ASSIGNMENT:
From the records below, please print only the lines from the one containing "619 W Avenue H13 — Photo 47" through the one containing "SAFAVIEH Handmade Bellagio", both included. Skip the pictures.

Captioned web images
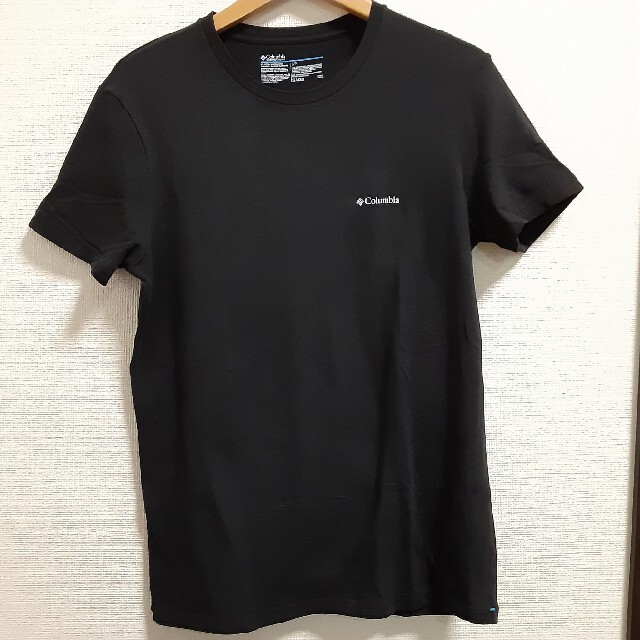 Columbia(コロンビア)の✨人気✨　Columbia(コロンビア)　ブラックTシャツ メンズのトップス(Tシャツ/カットソー(半袖/袖なし))の商品写真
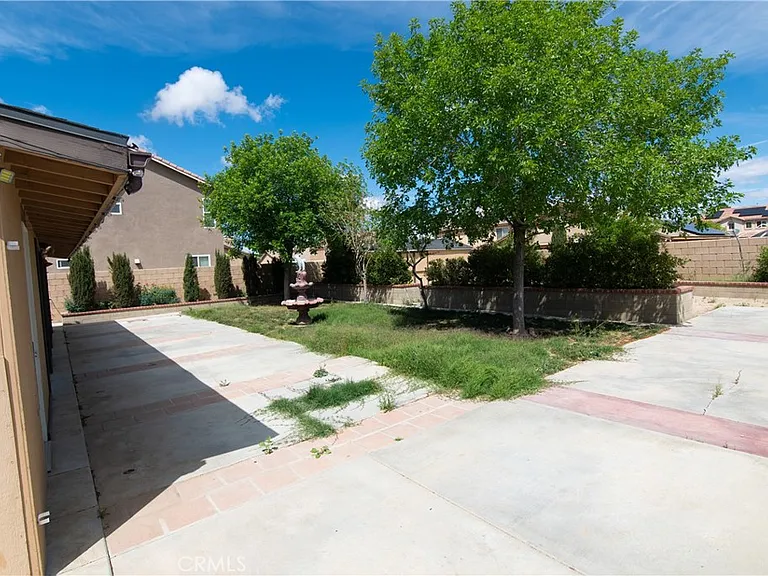 619 W Avenue H13 — Photo 47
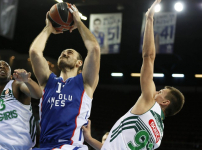Anadolu Efes: 62 - Zalgiris Kaunas: 65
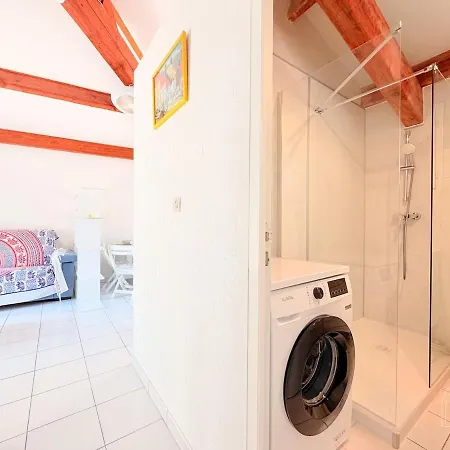 Apartment T2 Cosy Avec Terrasse A
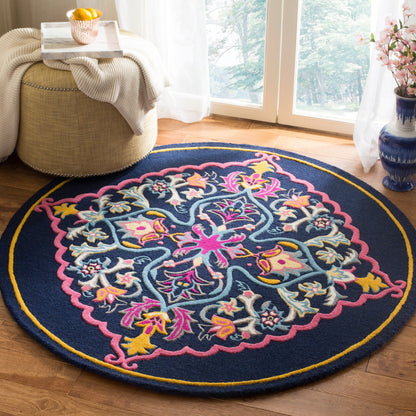 SAFAVIEH Handmade Bellagio Cailin Medallion Wool Rug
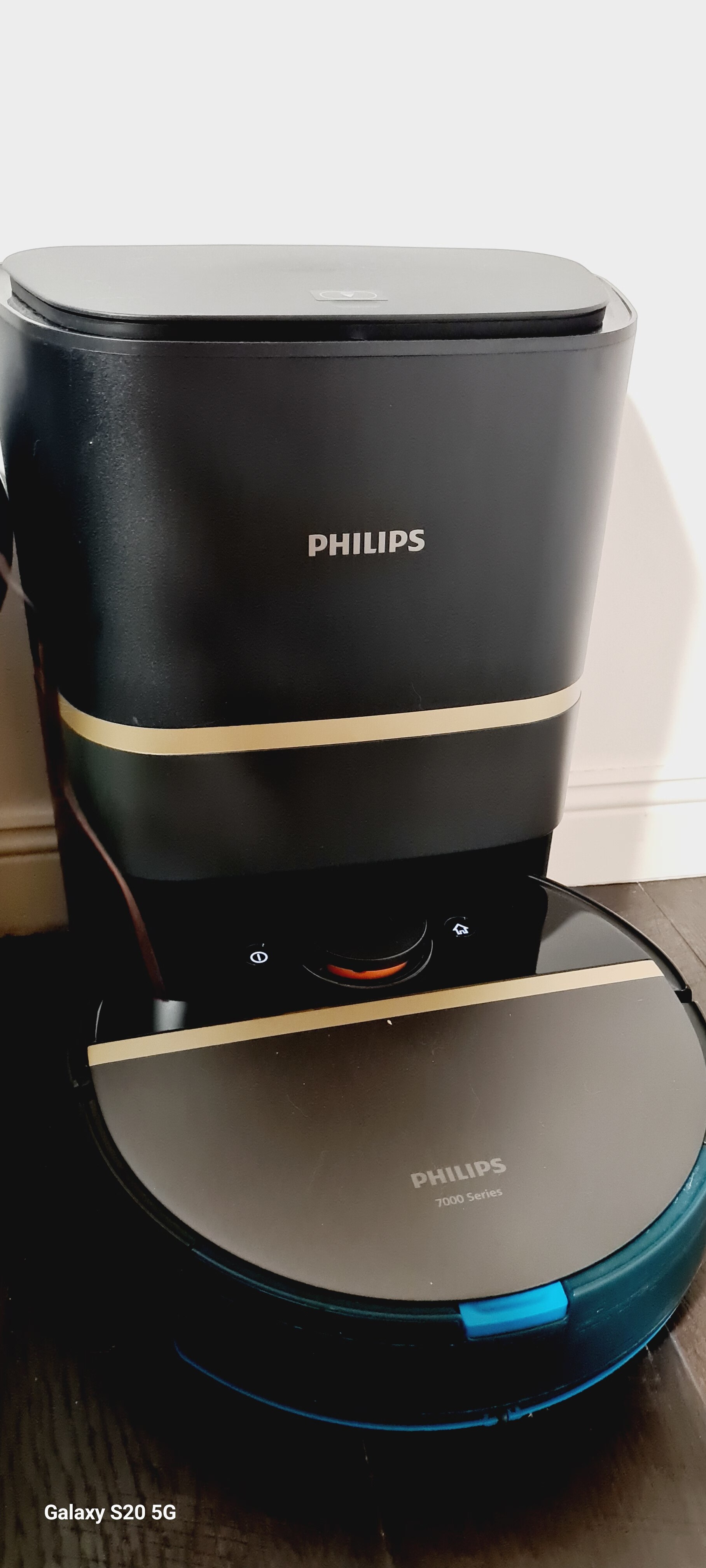 Robot de aspirare Philips Seria 7000 Aqua XU7100/01, aspirator si mop, statie de golire automata, Pa 5000, 5200 mAh, autonomie pana la 180 min, 6 senzori, sac de praf 3L, 5 harti, 4 niveluri, filtru EPA11 lavabil, aplicatie HomeRun, negru/auriu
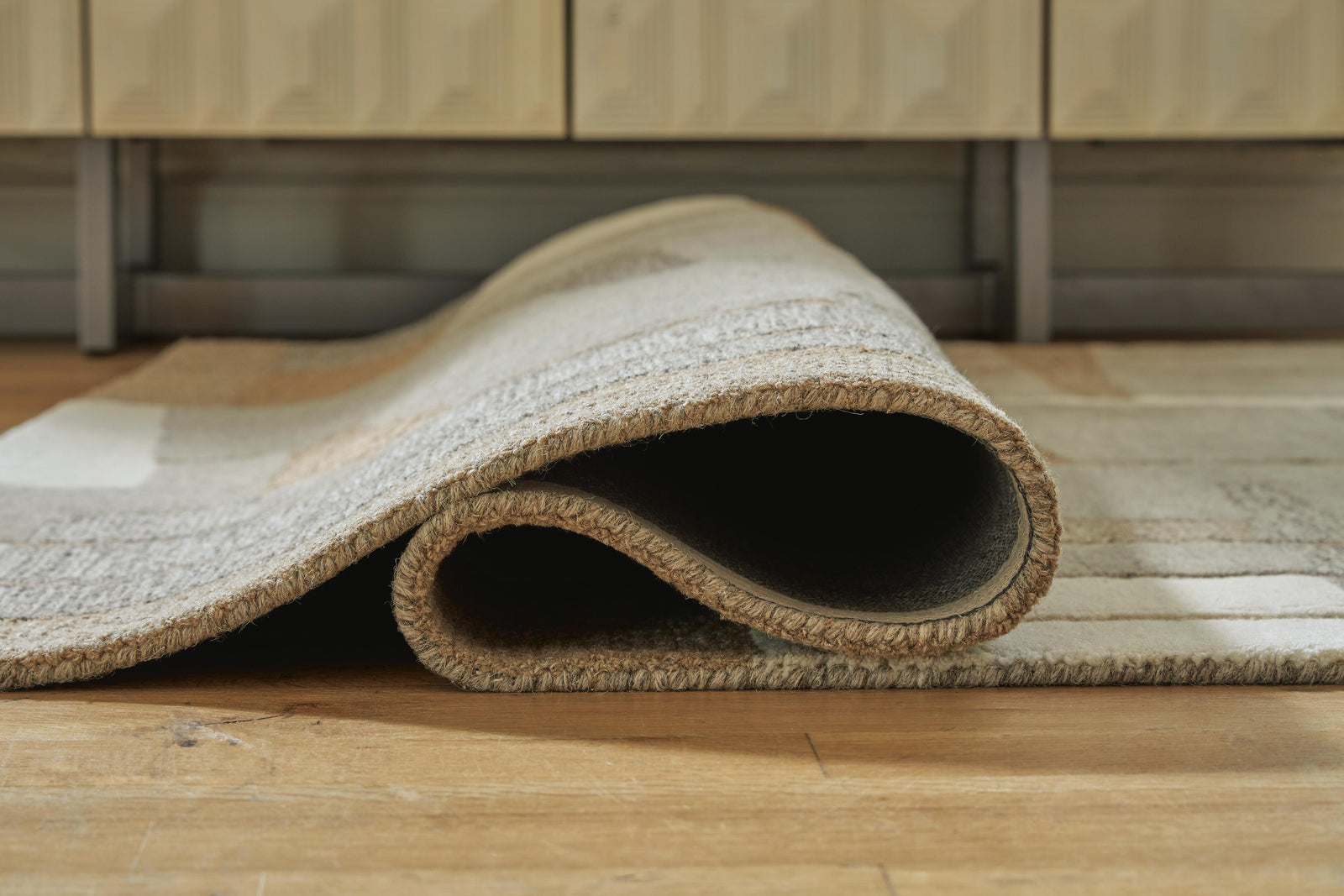 Abbotton 8 x 10 Rug (R40633-SI) - Image 4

OUTPUT FOR THIS EXERCISE:
 619 W Avenue H13 — Photo 47
Anadolu Efes: 62 - Zalgiris Kaunas: 65
 Apartment T2 Cosy Avec Terrasse A
 SAFAVIEH Handmade Bellagio Cailin Medallion Wool Rug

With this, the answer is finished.